Task item:
Below are records with pictures. Reproduce exactly the lines from the line with "a bedroom with" to the line with "Cute couple holding", inclusive, and leave each picture out.

Data for this exercise:
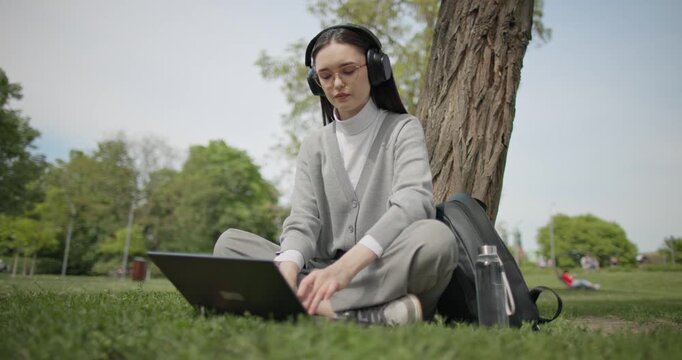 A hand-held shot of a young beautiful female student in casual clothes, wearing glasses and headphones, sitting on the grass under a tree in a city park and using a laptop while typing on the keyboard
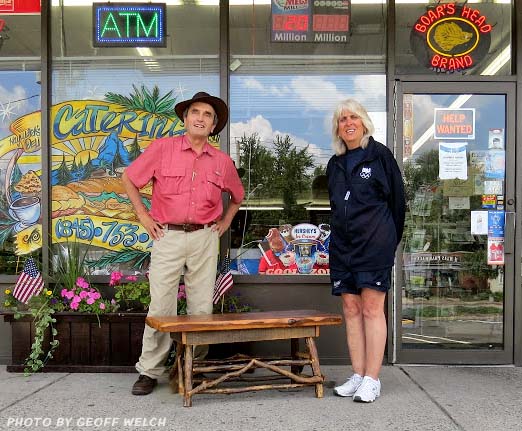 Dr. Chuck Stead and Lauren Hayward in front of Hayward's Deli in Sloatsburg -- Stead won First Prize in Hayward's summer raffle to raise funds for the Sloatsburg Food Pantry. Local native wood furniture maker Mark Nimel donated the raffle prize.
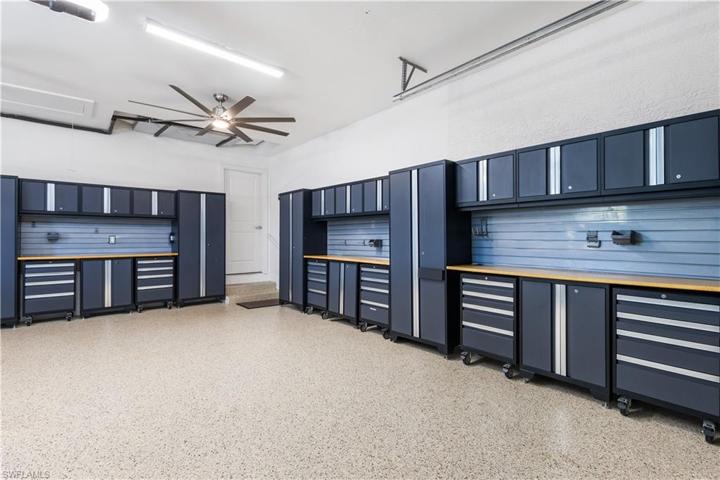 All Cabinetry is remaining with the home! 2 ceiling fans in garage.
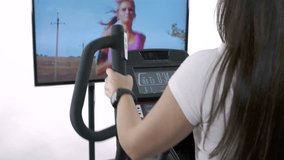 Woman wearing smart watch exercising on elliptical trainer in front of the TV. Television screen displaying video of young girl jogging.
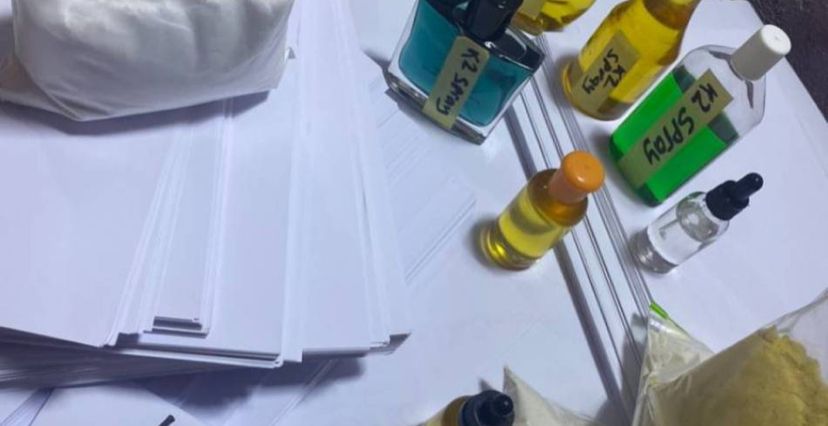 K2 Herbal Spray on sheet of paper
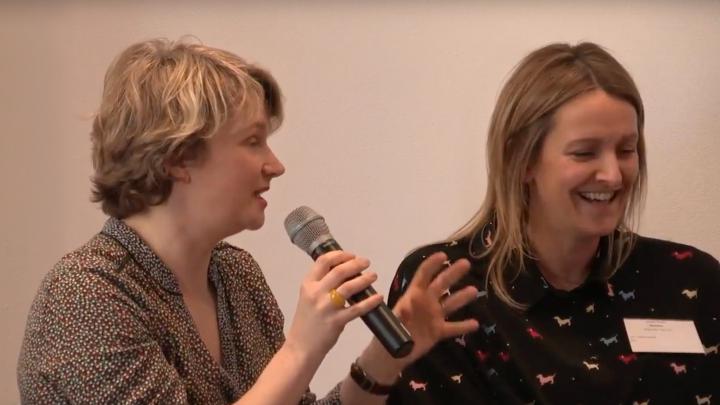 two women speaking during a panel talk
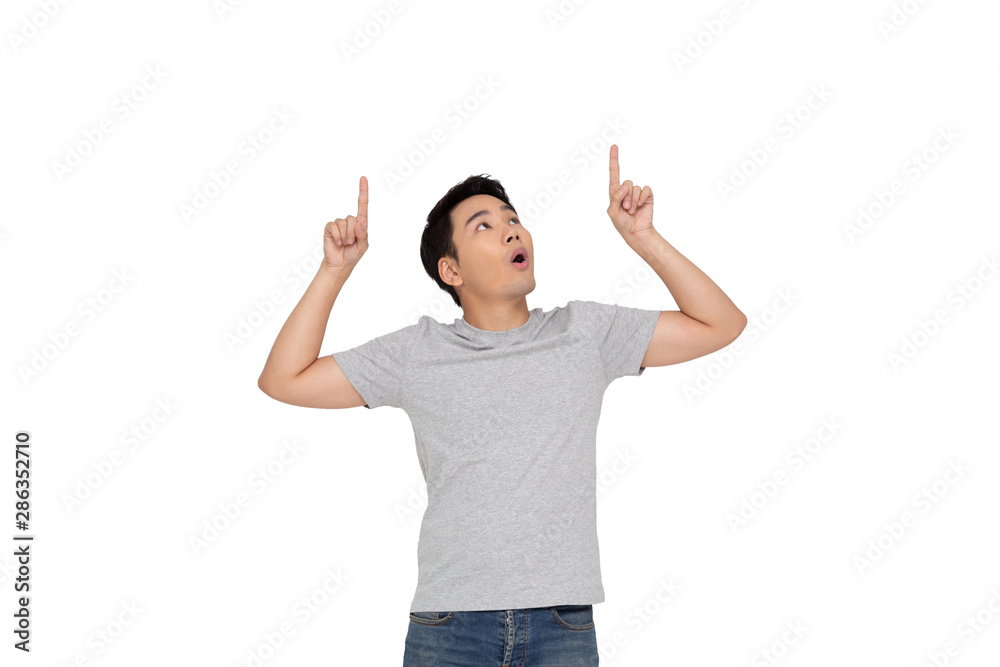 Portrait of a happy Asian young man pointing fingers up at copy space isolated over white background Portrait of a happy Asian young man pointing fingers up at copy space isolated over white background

==

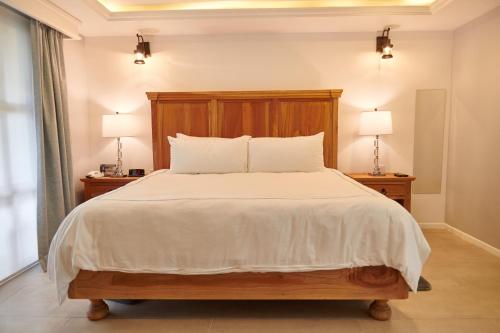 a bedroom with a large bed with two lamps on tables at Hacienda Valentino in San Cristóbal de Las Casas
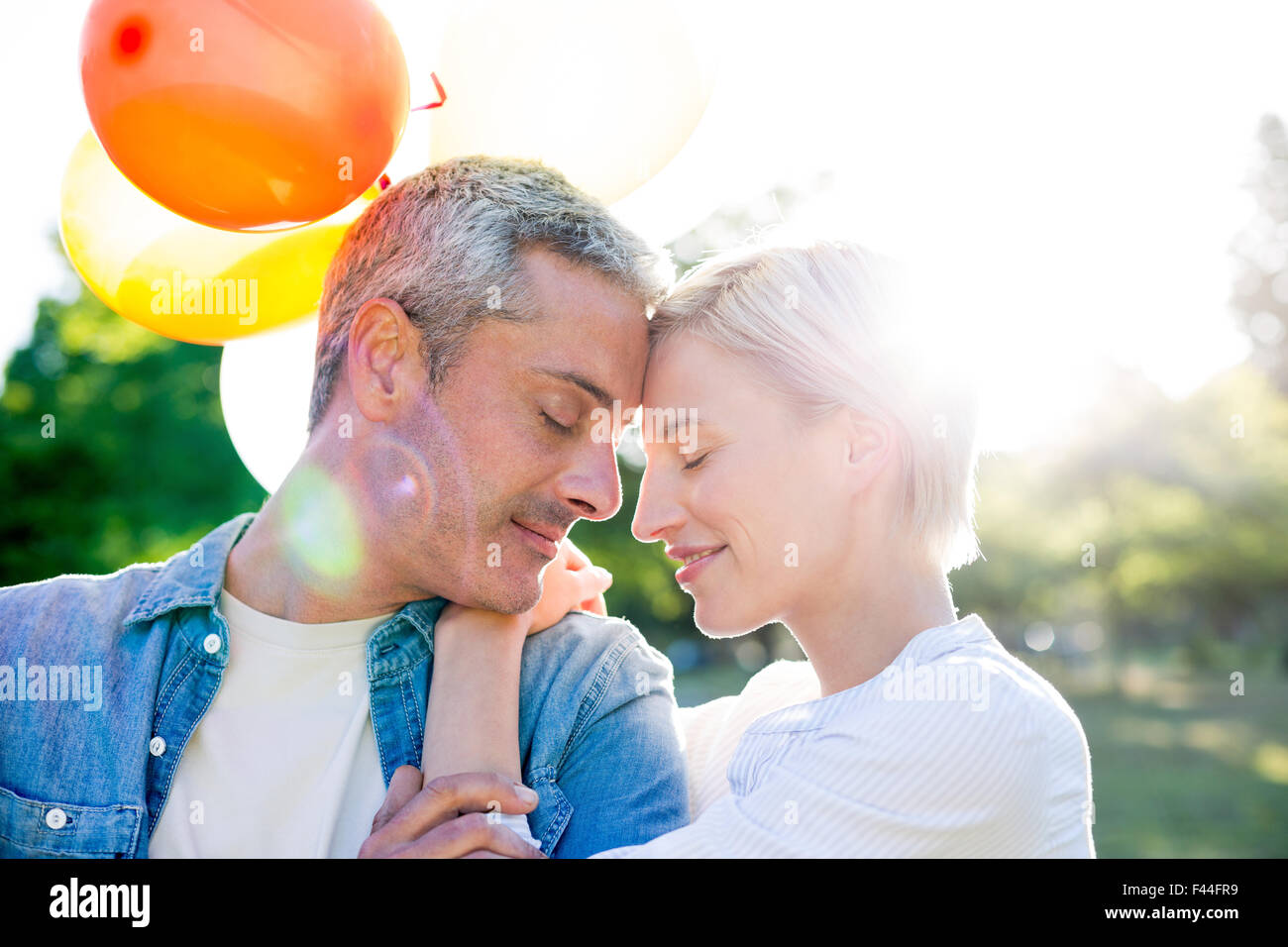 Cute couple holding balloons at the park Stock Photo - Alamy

Result:
 a bedroom with a large bed with two lamps on tables at Hacienda Valentino in San Cristóbal de Las Casas
 Cute couple holding balloons at the park Stock Photo - Alamy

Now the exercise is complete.